El árbitro perfecto viste saco y corbata, sale en televisión, nunca se despeina y siempre tiene la razón.
Cuando no dicta justicia detrás de cámaras, lo hace en la sala, en el bar, en el taxi. El árbitro perfecto tiene cualquier otro oficio, pero es juzgando decisiones ajenas en lo que nunca falla. Si usted no es todavía uno de ellos, haga la prueba en casa.
El árbitro perfecto sentencia de buenas a primeras. No importa si falla; siempre puede echar un vistazo a la repetición, la cámara lenta y el acercamiento, hasta estar seguro de lo que dejó pasar el ciego, vendido o incapaz árbitro imperfecto -el que de verdad está en la cancha-.
El árbitro perfecto es tan bueno, tan bueno, que también es guardalíneas. Ahí tampoco falla, ni siquiera en esa norma al parecer pensada para propiciar el error, la injusticia y la polémica. Si ese era el objetivo con la posición prohibida y la forma de señalarla, sus inventores dieron en el clavo. Habrá error. Habrá polémica. Sigo sin entender cómo una persona debe mirar simultáneamente la salida del pase y la posición del atacante que va a recibirlo (en ocasiones con muchos metros de distancia entre uno y otro). Me hablarán los entendidos de la “visión periférica”, pero hay jugadas en las que no saldría bien librado ni un pez vaca, capaz de mirar hacia un lado con un ojo y hacia donde le dé la gana con el otro.
¡Vaca! -le gritarán en cambio al que viste de negro al borde de la línea lateral-. ¿Dije vaca? Estoy pecando de decente.
El hombre de la banderola es el mártir por excelencia. El árbitro, al menos, puede esconderse de vez en cuando en la llanura del mediocampo. Al guardalíneas, en cambio, le recuerdan al oído a su madre, a su abuela, a su tía, a su hermana... Le lanzan monedas para el pan y algún escupitajo por si hace calor.
Madreado en el estadio, lapidado por los analistas, malformado por el sistema, no extraña que se convierta pronto en especie en peligro de extinción. Cada vez hay menos en el país, según un artículo de La Nación publicado esta semana. Nadie quiere ser odiado.

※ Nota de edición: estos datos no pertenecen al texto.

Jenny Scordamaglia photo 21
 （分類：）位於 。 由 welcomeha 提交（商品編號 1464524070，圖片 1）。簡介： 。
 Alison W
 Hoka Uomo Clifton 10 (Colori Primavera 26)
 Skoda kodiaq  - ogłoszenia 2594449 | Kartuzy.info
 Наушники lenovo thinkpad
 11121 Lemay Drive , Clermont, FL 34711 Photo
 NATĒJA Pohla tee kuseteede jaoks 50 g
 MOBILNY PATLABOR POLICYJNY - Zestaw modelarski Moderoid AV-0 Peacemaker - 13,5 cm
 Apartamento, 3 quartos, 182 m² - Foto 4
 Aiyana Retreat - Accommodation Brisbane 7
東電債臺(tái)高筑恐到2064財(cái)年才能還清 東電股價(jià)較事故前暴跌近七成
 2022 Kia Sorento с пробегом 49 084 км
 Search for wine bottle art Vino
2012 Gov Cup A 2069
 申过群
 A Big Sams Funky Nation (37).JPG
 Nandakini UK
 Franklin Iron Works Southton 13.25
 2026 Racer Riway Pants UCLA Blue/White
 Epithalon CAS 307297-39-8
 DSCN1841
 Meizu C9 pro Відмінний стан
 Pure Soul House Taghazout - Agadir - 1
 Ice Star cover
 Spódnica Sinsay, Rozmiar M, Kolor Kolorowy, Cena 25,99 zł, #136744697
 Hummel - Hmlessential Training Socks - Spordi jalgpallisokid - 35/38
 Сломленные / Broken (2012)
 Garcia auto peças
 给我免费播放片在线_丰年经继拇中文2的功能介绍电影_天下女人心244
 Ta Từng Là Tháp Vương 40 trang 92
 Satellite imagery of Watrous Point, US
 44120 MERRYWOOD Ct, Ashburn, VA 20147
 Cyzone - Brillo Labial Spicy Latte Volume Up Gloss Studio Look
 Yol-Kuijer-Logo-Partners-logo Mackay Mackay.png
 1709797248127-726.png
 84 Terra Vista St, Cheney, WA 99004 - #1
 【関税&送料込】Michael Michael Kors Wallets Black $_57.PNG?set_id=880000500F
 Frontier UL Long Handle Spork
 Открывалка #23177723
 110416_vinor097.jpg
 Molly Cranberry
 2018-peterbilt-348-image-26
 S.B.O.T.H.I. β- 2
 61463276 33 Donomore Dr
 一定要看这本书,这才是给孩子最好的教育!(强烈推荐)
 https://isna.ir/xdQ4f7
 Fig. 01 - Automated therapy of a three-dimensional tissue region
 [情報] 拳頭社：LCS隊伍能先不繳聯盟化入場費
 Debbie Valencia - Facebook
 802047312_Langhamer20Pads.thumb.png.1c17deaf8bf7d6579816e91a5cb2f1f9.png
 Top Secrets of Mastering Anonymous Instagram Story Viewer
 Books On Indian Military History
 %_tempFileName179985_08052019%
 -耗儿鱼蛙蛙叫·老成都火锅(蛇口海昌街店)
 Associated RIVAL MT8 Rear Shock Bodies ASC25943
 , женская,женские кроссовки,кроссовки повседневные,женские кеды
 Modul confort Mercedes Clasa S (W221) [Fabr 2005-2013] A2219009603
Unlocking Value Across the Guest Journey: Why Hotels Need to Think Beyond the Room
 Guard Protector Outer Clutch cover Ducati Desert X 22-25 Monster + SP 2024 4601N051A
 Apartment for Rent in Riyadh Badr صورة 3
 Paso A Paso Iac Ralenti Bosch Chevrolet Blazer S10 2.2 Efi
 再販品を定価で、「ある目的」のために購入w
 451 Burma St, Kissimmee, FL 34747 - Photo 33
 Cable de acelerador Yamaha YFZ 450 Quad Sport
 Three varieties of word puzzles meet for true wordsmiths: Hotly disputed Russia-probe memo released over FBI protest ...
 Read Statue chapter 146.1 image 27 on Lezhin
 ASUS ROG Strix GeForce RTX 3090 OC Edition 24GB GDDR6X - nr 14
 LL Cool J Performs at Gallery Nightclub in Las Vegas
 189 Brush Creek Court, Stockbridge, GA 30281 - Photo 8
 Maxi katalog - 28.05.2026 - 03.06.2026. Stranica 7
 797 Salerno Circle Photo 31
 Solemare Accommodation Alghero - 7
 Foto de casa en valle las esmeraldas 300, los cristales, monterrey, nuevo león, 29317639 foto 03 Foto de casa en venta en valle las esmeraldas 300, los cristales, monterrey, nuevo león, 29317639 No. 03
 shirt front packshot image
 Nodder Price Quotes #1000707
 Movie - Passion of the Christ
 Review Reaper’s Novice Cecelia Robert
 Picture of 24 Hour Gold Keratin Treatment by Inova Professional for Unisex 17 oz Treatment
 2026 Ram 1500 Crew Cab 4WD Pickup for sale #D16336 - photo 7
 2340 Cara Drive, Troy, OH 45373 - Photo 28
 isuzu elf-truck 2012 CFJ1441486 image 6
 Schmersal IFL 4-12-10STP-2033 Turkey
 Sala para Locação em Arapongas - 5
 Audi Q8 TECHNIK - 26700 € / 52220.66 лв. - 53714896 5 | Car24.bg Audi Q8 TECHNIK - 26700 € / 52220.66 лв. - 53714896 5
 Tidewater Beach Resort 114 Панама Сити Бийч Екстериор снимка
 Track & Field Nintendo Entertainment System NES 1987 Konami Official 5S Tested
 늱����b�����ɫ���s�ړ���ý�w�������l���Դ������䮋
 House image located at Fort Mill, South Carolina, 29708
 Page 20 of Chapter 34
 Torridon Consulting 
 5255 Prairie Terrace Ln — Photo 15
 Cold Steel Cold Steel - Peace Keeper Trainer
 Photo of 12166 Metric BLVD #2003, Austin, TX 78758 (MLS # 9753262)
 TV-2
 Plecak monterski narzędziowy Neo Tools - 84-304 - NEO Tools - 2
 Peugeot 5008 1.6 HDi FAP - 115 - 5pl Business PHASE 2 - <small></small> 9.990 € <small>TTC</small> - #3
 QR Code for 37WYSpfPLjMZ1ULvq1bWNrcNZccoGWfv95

El árbitro perfecto, en cambio, puede vivir tranquilo. Su mamá es una santa, su perro no le ladra después del partido y su vecino no le vuelve la cara. Algunas veces corre el riesgo de ganarse antipatías -precisamente por infalible- pero siempre sale con la frente en alto, sin entender cómo fallan los otros.
Los demás árbitros son imperfectos. Cuidado: tampoco abusen, como últimamente.